Glenville

Return of the Concorde (sort of)

Replica at Glenville museum will be half the size
John Panoski looks over wing tips of a replica of a Concorde on Wednesday.
PHOTOGRAPHER:
John Panoski looks over wing tips of a replica of a Concorde on Wednesday.

GLENVILLE — Some readers will remember the August 1987 air show when a supersonic Concorde passenger jet landed at the Schenectady County Airport. As part of an air show, it took 62 people for a two-hour ride down the East Coast before returning.

A different Concorde — a replica of one, actually — is coming back, and this time will stay more than a a few hours.


Gazette file photos by Sid and Garry Brown

The Empire State Aerosciences Museum has acquired a half-size — 100 feet long — replica of an SST Concorde, the supersonic passenger jet that once embodied the glamour of international travel but which is now an artifact of an earlier age of travel. All the museum has to do is get the pieces here from Long Island and assemble them.
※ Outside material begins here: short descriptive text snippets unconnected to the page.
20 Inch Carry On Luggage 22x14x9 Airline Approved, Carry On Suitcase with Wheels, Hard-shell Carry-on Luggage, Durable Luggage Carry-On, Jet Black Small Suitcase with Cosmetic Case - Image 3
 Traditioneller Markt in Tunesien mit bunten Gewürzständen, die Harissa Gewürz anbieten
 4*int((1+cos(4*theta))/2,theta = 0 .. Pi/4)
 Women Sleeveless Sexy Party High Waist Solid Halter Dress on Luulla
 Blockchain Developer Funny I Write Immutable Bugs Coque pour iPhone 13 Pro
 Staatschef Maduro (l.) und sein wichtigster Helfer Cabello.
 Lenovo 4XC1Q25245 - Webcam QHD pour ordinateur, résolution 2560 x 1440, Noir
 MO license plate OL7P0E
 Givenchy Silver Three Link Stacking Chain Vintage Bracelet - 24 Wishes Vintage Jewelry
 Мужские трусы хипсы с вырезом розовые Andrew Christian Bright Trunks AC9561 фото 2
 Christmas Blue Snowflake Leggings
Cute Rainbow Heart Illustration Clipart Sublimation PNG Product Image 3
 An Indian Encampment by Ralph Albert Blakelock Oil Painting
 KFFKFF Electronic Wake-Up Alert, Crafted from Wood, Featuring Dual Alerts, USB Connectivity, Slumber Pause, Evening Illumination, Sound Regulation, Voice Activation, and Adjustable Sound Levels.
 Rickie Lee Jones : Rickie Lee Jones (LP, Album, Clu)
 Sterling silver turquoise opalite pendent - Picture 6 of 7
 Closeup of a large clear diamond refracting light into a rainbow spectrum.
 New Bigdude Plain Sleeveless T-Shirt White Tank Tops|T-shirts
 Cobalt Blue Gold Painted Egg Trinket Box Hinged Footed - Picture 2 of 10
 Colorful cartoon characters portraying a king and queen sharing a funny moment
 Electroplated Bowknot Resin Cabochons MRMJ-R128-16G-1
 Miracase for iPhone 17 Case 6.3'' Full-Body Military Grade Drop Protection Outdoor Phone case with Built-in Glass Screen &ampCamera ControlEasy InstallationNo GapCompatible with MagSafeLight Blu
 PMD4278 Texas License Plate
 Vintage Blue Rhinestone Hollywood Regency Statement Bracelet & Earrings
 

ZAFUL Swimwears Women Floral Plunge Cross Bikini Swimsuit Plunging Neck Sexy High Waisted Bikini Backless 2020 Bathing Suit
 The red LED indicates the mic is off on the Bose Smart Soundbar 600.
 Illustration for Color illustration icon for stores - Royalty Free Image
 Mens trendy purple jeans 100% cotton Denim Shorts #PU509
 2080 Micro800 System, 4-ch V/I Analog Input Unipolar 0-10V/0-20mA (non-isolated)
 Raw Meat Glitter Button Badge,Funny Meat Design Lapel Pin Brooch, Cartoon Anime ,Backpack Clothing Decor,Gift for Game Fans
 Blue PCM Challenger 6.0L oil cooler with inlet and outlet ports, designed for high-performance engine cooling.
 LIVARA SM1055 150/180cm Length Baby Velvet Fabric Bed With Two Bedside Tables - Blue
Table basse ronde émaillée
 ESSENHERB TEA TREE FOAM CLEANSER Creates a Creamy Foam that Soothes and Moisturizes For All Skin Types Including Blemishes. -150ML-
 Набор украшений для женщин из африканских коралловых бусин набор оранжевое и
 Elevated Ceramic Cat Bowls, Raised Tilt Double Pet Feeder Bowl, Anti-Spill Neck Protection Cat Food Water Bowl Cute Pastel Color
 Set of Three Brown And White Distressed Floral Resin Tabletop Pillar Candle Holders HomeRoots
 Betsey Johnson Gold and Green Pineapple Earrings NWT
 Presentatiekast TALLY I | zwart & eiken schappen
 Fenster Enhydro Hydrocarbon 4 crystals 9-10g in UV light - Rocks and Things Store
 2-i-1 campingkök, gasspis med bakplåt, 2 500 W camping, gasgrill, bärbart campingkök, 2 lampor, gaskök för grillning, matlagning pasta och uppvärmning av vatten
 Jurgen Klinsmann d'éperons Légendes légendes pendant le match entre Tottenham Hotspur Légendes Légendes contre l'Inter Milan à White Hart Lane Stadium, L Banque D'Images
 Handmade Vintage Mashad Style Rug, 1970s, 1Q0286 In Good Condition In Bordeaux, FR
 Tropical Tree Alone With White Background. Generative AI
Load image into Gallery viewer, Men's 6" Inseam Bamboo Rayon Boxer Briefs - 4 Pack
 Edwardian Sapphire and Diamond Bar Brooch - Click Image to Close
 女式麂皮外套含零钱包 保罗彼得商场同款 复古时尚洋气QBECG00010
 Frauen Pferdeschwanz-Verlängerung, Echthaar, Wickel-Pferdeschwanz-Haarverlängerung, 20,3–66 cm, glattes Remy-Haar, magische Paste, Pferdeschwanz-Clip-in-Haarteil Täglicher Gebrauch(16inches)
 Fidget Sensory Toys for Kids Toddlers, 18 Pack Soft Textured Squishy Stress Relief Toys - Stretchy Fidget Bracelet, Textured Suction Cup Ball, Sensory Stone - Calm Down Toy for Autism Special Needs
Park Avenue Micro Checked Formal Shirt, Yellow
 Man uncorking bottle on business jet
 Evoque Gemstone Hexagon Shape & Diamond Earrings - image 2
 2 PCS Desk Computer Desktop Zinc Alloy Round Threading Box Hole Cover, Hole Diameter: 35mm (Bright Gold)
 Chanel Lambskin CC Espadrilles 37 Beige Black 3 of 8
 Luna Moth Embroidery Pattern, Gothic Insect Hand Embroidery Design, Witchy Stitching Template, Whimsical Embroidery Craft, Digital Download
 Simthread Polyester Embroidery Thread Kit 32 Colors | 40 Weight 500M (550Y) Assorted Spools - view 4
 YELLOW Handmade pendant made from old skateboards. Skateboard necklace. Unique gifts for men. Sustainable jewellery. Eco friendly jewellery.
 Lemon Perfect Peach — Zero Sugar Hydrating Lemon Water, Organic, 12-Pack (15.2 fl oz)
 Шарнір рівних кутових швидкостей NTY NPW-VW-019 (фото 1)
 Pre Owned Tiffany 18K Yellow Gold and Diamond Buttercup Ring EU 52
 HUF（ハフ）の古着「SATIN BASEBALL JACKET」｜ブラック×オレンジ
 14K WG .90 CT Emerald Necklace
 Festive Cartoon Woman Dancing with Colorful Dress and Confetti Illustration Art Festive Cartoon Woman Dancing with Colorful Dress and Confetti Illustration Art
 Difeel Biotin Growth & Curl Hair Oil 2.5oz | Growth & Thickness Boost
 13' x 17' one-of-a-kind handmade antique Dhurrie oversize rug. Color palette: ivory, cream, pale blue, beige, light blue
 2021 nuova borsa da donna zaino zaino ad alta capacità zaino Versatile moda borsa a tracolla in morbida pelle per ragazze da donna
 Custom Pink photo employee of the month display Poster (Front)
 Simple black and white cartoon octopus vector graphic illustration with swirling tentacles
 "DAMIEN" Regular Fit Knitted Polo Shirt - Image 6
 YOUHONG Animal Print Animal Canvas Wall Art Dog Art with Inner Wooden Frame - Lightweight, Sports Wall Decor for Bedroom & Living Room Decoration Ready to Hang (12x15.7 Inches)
The first shipment — the wing tips and tail — arrived this week by flatbed truck, and museum officials hope to have the rest of the plane, five shipments in all, by July.

“We’re committed to it,” museum trustee John Panowski said

The plan is to assemble the replica and mount it at a flight angle in front of the museum, on the Route 50 side, to serve as advertising in a spot passed by thousands of vehicles every day.

“It’s like putting together a giant model airplane, is what it is,” said Panoski, who is overseeing the project.

The replica was commissioned in the 1990s by British Overseas Airways, which along with Air France flew the Concorde between Europe and the United States from 1976 to 2003. The replica weighed 12 tons and was mounted on a building in Times Square to promote the flights.

After Concorde service ended in 2003, the replica was donated to the Cradle of Aviation Museum of Long Island, which was unable to find a place for it. Last year, that museum offered to donate it to the Empire State Aeroscience Museum, if the Glenville museum would transport it.

Panoski said the transportation will cost about $10,000, and assembling and mounting the piece will cost another $20,000.

A fundraiser is planned for July 29 to mark the 90th anniversary of Charles Lindbergh’s landing at the airport, or people may also donate directly to the museum, at ESAM, 250 Rudy Chase Dr., Glenville, N,Y. 12302. There is also a GoFundMe page. The page has raised $2,830 so far.

The Concorde first flew in 1969 and entered commercial service in 1976. It had cachet as the first transcontinental supersonic passenger jet. But a 2000 crash in Paris that killed 109 people, the rise of planes that carried far more people and the general decline in flying after the 9/11 terrorist attacks all contributed to the jets’ demise.

The Empire State Aerosciences Museum is open Fridays, Saturdays and Sundays, and during the summer vacation season, it is open Tuesdays through Sundays. It draws 8,000 to 10,000 visitors annually, Panoski said.